Individuals enrolled in two Danish population based randomised AAA screening trials and assigned to cross sectional screening and evaluation of cardiovascular risk factors were identified. Diagnoses of diverticular disease were interrogated from a national patient registry covering the period from 1977 to the screening date. Adjusted odds ratios (aOR) and hazard ratios (aHR) with 95% CI were calculated as risk measures.
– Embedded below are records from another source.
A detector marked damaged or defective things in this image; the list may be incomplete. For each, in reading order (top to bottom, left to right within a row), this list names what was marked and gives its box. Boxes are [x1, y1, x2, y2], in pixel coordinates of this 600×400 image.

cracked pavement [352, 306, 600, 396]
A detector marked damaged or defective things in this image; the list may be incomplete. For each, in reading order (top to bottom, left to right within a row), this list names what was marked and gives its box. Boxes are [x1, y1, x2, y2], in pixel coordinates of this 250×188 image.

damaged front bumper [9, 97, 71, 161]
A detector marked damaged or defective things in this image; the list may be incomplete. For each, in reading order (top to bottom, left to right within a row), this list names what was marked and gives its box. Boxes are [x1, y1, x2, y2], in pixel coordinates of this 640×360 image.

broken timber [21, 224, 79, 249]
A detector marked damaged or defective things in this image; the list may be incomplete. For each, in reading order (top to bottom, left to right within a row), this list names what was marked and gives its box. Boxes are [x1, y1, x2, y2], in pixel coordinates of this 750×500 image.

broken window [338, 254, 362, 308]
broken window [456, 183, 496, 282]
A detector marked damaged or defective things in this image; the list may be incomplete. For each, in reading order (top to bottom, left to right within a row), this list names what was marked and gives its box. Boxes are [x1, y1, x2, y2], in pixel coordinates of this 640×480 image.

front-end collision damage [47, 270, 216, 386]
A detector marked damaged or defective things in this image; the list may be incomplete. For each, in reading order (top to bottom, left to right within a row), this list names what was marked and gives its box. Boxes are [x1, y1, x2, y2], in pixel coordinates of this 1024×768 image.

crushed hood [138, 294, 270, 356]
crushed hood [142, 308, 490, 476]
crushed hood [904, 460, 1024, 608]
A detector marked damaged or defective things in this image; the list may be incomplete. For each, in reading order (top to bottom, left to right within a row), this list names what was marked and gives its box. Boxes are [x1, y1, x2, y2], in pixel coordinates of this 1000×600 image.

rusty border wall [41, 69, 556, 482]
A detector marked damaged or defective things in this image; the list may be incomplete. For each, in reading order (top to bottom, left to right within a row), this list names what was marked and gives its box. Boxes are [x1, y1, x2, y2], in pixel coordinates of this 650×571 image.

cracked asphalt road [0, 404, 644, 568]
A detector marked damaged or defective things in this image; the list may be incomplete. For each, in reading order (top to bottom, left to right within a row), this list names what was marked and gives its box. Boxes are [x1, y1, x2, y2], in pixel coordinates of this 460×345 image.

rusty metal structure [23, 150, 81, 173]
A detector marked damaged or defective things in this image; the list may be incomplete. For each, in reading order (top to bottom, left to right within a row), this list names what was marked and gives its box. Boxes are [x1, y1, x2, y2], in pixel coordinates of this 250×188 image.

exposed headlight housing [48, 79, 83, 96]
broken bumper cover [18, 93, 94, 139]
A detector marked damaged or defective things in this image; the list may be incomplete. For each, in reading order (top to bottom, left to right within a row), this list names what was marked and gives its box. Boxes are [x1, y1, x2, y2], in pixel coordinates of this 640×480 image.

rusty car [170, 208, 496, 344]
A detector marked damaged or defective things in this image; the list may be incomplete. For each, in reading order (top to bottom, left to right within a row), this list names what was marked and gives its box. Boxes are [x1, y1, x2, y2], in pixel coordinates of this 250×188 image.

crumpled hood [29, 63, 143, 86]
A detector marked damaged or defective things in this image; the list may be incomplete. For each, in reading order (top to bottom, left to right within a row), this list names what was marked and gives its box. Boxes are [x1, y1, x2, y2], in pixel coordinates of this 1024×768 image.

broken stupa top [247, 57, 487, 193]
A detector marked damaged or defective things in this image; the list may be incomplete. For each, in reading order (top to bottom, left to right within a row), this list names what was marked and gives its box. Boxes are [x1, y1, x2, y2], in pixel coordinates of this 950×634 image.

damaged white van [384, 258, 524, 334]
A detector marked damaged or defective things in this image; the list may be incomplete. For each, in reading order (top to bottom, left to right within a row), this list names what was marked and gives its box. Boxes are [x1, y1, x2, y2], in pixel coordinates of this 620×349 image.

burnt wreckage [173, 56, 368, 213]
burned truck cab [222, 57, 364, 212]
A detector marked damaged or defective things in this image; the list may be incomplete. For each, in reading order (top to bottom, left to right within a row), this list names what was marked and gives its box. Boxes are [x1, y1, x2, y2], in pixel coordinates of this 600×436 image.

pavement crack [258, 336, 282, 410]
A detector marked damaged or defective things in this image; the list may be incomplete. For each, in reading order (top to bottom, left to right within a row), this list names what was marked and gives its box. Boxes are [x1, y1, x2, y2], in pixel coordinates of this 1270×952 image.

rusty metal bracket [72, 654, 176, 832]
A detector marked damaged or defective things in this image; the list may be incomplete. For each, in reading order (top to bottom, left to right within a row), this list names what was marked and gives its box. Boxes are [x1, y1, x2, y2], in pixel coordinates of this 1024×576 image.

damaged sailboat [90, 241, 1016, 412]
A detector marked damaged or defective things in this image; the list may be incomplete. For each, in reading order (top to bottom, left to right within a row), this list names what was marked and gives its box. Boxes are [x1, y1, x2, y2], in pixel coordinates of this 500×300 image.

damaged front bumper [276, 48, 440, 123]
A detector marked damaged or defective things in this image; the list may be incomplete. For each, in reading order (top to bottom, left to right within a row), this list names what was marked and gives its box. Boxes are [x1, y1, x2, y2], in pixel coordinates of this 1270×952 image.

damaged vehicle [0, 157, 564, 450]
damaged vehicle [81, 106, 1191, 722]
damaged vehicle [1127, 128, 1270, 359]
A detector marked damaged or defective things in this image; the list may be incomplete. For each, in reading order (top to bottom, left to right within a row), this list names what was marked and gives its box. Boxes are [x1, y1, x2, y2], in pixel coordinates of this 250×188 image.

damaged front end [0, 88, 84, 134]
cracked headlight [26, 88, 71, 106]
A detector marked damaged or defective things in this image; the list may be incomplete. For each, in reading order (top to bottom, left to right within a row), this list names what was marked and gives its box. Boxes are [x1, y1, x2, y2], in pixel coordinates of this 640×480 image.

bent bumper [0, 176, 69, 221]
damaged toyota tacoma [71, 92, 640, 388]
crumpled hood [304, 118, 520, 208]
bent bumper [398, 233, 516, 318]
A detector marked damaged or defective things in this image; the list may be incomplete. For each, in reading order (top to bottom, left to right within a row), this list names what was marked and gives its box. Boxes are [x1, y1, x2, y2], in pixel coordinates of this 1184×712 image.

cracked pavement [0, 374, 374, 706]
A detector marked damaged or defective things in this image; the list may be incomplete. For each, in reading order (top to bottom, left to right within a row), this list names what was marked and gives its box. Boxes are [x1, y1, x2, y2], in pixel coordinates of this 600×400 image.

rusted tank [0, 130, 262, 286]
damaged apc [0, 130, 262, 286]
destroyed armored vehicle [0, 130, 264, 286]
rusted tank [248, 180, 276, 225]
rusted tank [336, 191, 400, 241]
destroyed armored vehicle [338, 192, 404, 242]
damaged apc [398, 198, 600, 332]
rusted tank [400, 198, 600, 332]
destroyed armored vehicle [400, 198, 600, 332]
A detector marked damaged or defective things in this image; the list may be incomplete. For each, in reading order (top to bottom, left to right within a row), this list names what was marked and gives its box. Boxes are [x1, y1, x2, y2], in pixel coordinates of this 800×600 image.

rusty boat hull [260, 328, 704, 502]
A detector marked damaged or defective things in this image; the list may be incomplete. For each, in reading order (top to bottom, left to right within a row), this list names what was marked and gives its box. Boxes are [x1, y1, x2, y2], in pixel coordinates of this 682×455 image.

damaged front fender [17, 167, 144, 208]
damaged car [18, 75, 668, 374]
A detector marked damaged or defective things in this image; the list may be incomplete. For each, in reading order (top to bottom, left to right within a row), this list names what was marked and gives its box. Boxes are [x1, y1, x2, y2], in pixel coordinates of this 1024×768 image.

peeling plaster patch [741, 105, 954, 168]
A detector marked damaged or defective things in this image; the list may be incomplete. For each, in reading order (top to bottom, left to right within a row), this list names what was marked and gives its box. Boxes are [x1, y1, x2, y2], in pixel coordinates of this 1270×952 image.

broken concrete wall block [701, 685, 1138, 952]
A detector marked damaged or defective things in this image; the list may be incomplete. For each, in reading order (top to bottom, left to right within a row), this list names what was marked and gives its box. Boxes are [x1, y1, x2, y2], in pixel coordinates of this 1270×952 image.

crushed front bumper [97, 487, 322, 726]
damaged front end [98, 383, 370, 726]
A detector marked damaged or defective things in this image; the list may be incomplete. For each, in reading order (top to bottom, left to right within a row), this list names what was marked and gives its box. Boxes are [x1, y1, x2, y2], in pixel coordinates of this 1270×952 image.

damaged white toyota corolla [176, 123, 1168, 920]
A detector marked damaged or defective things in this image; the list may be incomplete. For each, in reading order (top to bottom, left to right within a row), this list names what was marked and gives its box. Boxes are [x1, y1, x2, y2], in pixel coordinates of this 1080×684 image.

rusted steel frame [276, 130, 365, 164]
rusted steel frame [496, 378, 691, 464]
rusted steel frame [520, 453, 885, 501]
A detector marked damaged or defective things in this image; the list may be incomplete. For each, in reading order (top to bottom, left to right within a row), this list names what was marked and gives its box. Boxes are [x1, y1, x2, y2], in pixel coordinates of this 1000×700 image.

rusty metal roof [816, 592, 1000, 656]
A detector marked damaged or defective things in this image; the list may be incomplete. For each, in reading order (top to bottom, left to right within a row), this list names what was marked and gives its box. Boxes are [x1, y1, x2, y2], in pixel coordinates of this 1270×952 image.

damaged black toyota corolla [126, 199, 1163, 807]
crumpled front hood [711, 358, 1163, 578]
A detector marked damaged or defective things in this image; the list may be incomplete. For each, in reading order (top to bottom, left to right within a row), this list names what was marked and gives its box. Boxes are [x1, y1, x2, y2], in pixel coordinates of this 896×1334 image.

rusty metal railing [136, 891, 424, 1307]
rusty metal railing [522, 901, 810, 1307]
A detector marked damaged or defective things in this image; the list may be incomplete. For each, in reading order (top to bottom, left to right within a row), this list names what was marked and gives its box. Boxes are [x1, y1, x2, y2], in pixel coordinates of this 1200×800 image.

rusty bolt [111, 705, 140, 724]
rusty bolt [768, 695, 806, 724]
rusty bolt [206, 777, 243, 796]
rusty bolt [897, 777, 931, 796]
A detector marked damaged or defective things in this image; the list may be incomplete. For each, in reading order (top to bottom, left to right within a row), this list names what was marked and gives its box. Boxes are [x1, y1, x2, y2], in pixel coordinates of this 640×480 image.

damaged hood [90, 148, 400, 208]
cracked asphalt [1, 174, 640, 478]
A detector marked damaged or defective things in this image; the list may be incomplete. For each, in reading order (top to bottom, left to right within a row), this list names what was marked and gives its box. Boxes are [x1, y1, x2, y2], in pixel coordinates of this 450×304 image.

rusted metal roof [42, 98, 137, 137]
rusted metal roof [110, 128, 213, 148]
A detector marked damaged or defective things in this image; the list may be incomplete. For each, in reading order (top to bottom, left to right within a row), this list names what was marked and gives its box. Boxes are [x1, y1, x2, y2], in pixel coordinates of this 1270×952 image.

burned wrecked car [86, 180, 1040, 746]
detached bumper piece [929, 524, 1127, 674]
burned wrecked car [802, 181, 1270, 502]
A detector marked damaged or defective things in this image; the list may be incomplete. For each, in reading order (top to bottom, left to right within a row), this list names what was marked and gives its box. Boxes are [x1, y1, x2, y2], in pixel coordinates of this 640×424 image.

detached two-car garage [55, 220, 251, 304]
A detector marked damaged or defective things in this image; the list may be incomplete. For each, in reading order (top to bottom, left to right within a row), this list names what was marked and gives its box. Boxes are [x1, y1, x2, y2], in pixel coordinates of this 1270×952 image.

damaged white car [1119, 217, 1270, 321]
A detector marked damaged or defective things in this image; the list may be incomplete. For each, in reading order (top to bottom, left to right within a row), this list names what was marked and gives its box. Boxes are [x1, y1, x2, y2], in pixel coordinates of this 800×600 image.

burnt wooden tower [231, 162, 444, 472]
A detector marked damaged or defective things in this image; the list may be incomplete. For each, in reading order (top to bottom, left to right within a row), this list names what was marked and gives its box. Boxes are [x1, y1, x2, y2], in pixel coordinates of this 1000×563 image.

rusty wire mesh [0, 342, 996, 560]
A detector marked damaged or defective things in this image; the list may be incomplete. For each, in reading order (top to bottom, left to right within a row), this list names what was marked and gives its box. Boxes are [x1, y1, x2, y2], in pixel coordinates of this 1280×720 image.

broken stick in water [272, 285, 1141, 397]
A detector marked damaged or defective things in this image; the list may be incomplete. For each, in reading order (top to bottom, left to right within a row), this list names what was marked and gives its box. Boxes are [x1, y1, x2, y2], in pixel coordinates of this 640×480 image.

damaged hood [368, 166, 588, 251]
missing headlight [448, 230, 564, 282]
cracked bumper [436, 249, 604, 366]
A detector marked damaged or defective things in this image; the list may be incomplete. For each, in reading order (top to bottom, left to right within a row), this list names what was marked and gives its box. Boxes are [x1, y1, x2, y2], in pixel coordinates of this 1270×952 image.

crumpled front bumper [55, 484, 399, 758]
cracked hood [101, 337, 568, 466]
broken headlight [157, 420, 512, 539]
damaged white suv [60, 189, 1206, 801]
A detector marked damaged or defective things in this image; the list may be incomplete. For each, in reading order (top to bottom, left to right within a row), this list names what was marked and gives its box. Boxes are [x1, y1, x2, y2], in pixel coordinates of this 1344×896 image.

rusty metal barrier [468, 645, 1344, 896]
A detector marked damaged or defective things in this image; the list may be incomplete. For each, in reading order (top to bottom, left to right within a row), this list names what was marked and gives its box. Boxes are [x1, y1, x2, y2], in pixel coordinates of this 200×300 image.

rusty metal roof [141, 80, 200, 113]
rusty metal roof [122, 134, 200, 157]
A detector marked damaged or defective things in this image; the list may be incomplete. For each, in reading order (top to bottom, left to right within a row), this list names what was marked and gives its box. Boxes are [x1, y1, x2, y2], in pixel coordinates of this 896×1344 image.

24,632 individuals (median age, 69 years) were included. At screening, 687 patients had pre-existing diverticular disease. Patients with diverticular disease were more likely to have AAA at screening compared with those without diverticular disease (5.2% vs. 3.3%) (OR 1.61, 95% CI 1.14-2.27). This association persisted after adjusting for potential confounders (aOR 1.49, 95% CI 1.04-2.12) and on sensitivity analyses. The association was most pronounced for those with a diagnosis of diverticular disease for at least 10 years (aOR 2.56, 95% CI 1.49-4.38). Following screening, 6.2% of patients with diverticular disease and AAA experienced aneurysm rupture, compared with 2.2% of patients with AAA without diverticular disease (aHR 4.1, 95% CI 1.6-10.8).


An association was found between diverticular disease and AAA in a large population based cohort. Biological causality remains to be established, and a potential impact of diverticular disease on the natural history of AAA needs to be explored further.